Second thoughts about Bach

Francis Browne wrote (November 13, 2003):
Are second thoughts always better? More particularly, when a musician records a work of Bach for the second time is the later version always an advance on the earlier attempt? Two recordings that I have listened to with great enjoyment recently have set me thinking about this topic.

I have long wanted to begin explore the vast world of Bach's organ music and, after some hesitation, I seized an opportunity to buy very cheaply Wolfgang Rübsam's out of print Philips recording of the organ works. My hesitation did not come from a poor opinion of Rubsam's ability. On the contrary I have long admired his recordings of the French and English Suites (on piano) for Naxos. His playing there seems to me to be that of one of those musicans who - without being impersonal or mechanical - have the gift of letting the music speak for itself . But I had been greatly disappointed by his CD of 'The Great Organ Works' of Bach for Naxos (8.553859 if anyone wants to sample it on the website).

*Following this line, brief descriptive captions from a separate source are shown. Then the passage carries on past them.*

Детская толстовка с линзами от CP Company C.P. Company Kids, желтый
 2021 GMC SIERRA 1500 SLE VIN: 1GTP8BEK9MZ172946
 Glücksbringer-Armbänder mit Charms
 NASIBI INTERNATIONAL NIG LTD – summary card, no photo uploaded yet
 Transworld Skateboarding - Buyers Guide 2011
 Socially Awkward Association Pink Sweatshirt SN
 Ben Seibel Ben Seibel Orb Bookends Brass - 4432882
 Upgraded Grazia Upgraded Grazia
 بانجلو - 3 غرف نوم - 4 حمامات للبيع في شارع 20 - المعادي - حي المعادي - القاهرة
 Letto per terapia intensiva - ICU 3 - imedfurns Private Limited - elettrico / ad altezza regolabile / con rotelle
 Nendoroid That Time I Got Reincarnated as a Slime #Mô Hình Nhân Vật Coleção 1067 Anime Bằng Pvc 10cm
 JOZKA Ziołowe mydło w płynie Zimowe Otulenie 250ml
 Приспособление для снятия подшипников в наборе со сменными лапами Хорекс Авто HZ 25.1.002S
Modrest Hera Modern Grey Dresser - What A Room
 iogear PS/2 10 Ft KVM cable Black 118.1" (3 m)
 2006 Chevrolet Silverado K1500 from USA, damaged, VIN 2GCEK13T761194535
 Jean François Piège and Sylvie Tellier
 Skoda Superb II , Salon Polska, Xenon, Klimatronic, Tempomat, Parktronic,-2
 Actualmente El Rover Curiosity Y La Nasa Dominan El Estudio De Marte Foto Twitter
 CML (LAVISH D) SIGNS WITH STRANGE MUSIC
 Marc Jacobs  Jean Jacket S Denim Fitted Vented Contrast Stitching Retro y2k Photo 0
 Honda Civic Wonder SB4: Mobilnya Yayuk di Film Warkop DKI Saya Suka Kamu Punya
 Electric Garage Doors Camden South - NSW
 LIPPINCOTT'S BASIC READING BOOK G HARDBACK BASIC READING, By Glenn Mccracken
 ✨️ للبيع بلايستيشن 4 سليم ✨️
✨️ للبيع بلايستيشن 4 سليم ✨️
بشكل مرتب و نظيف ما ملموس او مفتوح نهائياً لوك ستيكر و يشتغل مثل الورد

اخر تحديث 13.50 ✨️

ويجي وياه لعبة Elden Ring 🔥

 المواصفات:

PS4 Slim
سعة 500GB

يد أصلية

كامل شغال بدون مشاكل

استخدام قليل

There the performances of some of the works with which I was already familiar - the Toccata and Fugue in D Minor BWV 565 and the Passacaglia and Fugue in C Minor BWV 582 - seemed ponderous, painstaking, not quite boring - the music is still Bach! - but lacking some vital ingredient.

The strong advocacy of some members of the list for Rubsam's earlier recordings encouraged me to take the risk of acquiring them and here I certainly have not been disappointed. As it happens the first work on the first disc is BWV 565. The contrast in the performances is startling.In the earlier performance there is a verve and exhiliration that compel attention and give delight on repeated hearing. For me therefore Rubsam's second thoughts on this work are not better.

I have had a similar experience with Richter's recordings of the Saint Matthew Passion. For some time I have known and enjoyed the recording he made in the 1970s. In places the direction seems leaden but with such excellent singers as Janet Baker, Peter Schreier and Fischer Dieskau there is much that is outstanding. But yesterday I listened to his earlier recording for the first time. Again the contrast is striking. My first impressions are that the 1958 performance has a cogency and conviction that lift it into a different level of achievement.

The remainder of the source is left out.